シンプルな言葉とともに、真っ赤な口紅がついているのは、ララのキスマークだろう。
クラウドがそれを破こうとしたが、ゴールドカードの裏は、アンジェラの絵がついていたため、クラウドがミシェルに蹴飛ばされて本懐は遂げられなかった。
「これ――なに?」
ネイシャが言った。食器を拭いていたカザマが、布巾を手にしたまま、
「絵じゃございませんこと?」
「え?」
みんなそろって、ダジャレのような疑問符を飛ばし、ミシェルを見た。
「このあいだ、いろいろともらったばかりだったのに」
ルナの困惑顔は、ミシェルの困惑顔でもあった。
「と、とりあえず開けてみるね……」
ゴクリ、と喉を鳴らして包装を解いた――二番目に小さいものから。
それぞれが、ずいぶん頑丈に梱包されていた。品物に、わずかでもキズをつけたくない、送り主の気持ちがこれでもかとこめられた厳重さだった。
ミシェルが小さな――それでも十号サイズはある額装を、あらゆる装備を解いて表に出すと、それはデッサン画だった。
「なんだこりゃ?」
絵の価値などわかるはずもないアズラエルが顔をしかめたが、いっしょに出て来たのは鑑定書だ。ミシェルの声が、それを読んで震えた。
「ピカソの――デッサン画だ!」
どうやら、複製ではなく本物らしい。
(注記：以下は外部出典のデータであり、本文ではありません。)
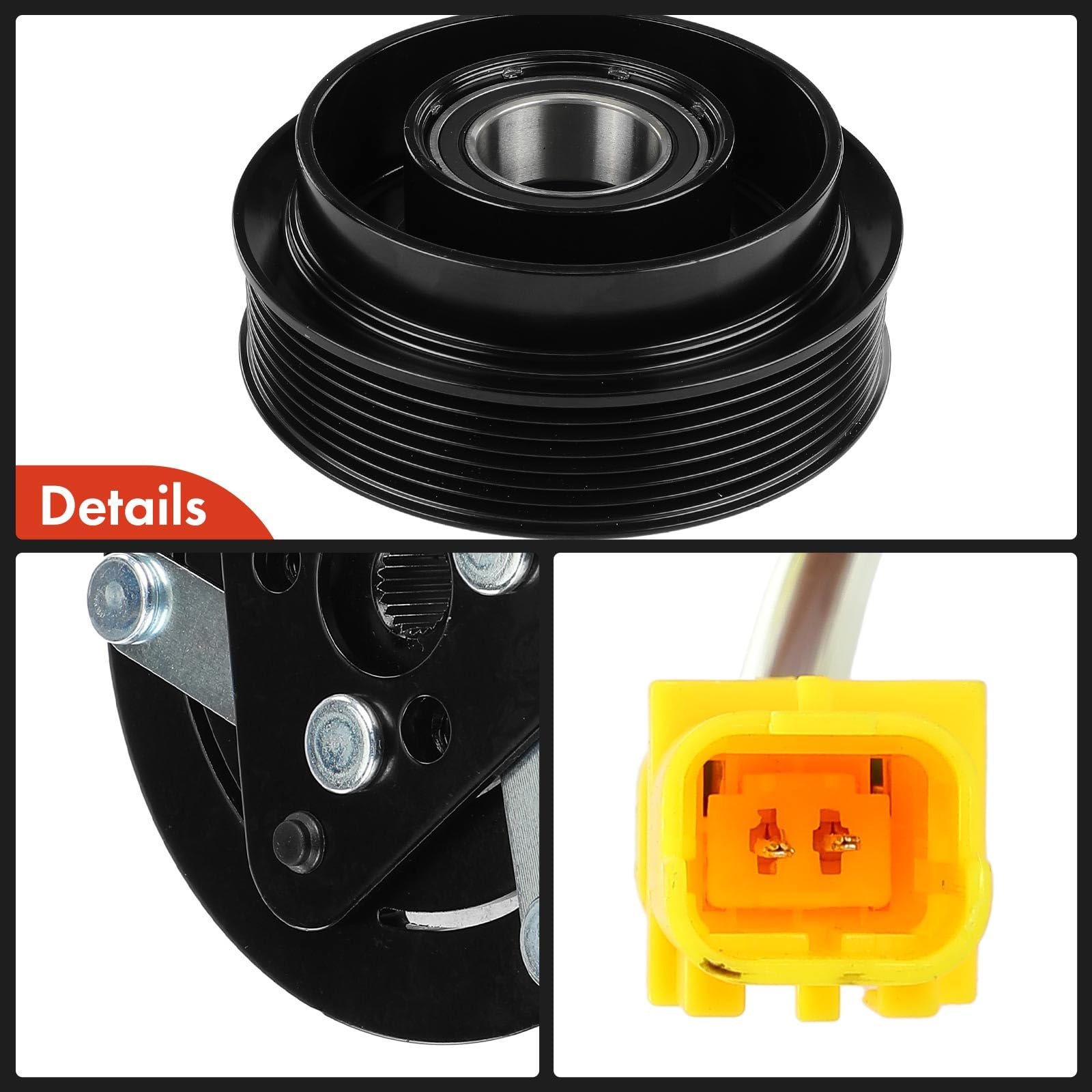 Frankberg Compressore Magnetico AC Compatibile con Twingo II CN0 1.2L Clio III BR0/1 CR0/1 1.2L Clio III Grandtour KR0/1 1.2L Modus/Grand Modus F/JP0 1.2L Wind E4M 1.2L Replace# 8200578856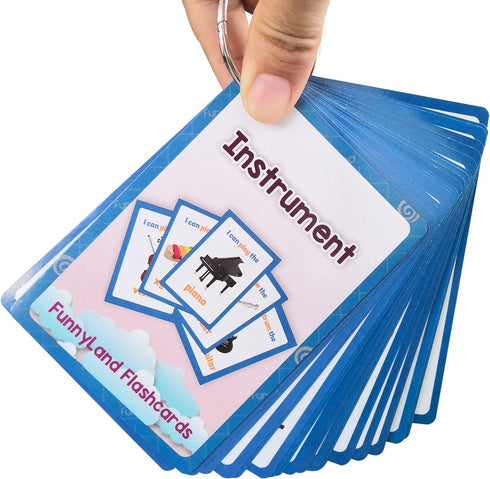 20PCS/Set Instrument Kids Gifts English Flash Cards Pocket Card Educational Learning Baby Toys for Children Pre-Kindergarten...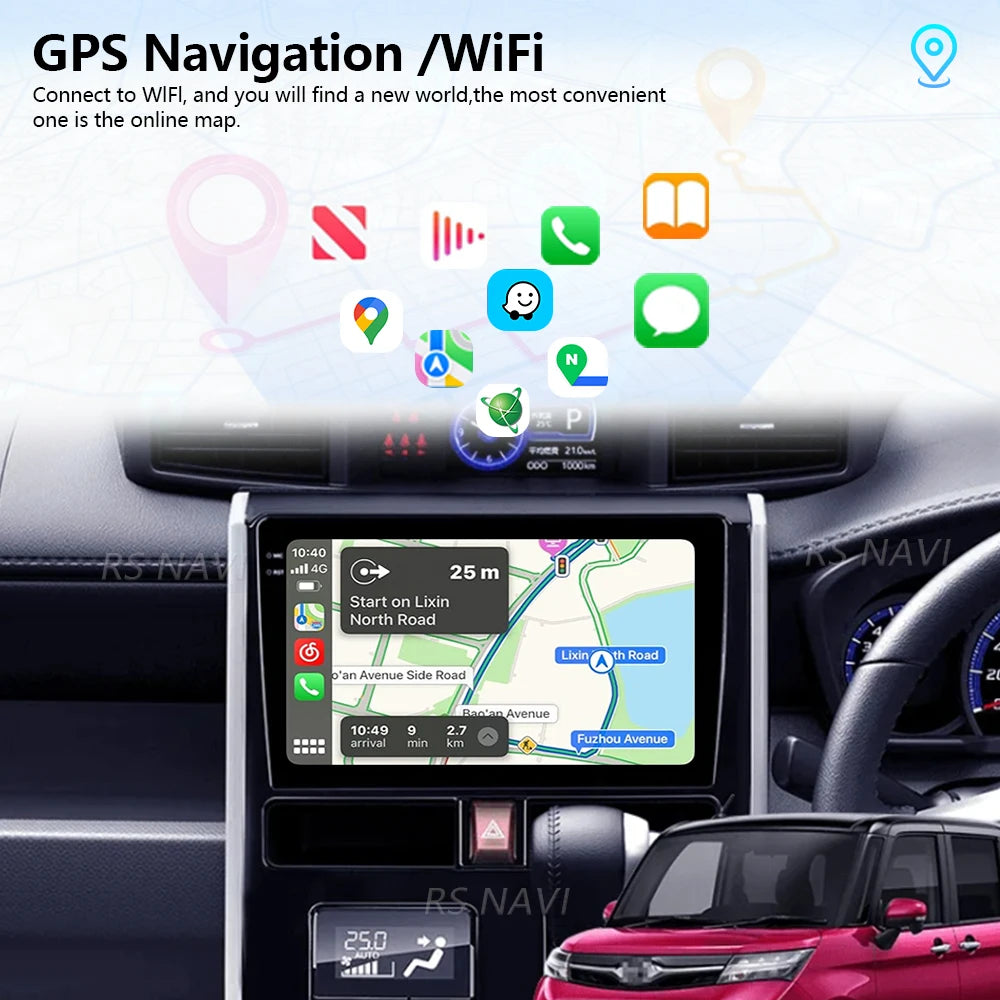 Android 16 Carplay Auto Qualcomm 2K QLED Screen Car Radio Player For Toyota Roomy 1 2016 -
クラウドはドン引きした。
「え――もしかして、数千万とかする絵?」
「数千万!? このいたずら書きみてえな絵が!?」
アズラエルの絶叫は誰も聞いてはいなかった。
ミシェルはおそるおそる、残り二枚をながめ――小さな包みに手を伸ばしてやめ、一番大きな、縦長のつつみに手を伸ばした。
「一番ショックが大きそうなのからにする」
一番でかい額装は、一番ショックが大きいだろう――いろいろな面で。
そう思ったミシェルだったが、中から出て来たのは、アンジェラの絵でも、いわゆる地球時代の名画と呼ばれるものでもなかった。
だが、美しい絵だ。
波と砂浜――今にも潮の香りが漂ってきそうな、写実的な。
「え? アレ? これ、もしかしておじいちゃんの絵かな?」
ミシェルの推測は当たった。額装の裏に、作者とタイトルを書いたカードが挟まっている。
「イシュマール・MJH・サルーディーバ作。タイトル、地球の海――地球の海だって!」
ミシェルが歓声を上げ、ルナの顔が輝いた。
「地球の海……」
「すごいきれい!」
コバルト・ブルーの海に、白い波しぶき、煌めく砂浜。ルナたちは、地球の海に思いをはせた。
この絵を気に入ったのは、女の子たちだけではなかったようだ。ピエトやネイシャも、しゃがんで絵を見つめ、貝殻のところをつついたりして、「本物そっくり」と驚きの声をあげた。
「なかなかいい絵だ。リビングの壁にでも飾るか」
グレンの言葉に、リビングというには広すぎる大広間の壁を、みなが見つめた。たしかに、今の状態では殺風景だし、絵を飾ってもいいかもしれない。博物館並みの壁の大きさがあるこの部屋には、飾ることができる。
「じゃ、じゃあ、二番目の、いくね」
二番目に大きい包みは、ずいぶん横長だった。クラウドは、向かいの壁に飾れるな、とすでに長さを測りはじめていた。
包みを解き、額装があらわれ――それを見た途端に、ミシェルは、「……ないわ」と最後の言葉を残して失神した。
「ミシェル!?」
真砂名神社の、例の絵でも入っていたかと、かろうじてミシェルを支えたクラウドが見たものは、ただの絵だった。
――たしかに、美しい絵ではあったが。
青系統の色で統一された魚たちが、横長の海を泳いでいる。大きい分迫力もあるし、吸い込まれそうな色彩だ。
「綺麗な絵だねえ……!」
セシルがうっとりと見惚れた。
「あれ――? もしかして、この絵」
ルナとクラウドだけは、この絵の正体がわかった。ルナはおくちをぽっかりと開け、叫んだ。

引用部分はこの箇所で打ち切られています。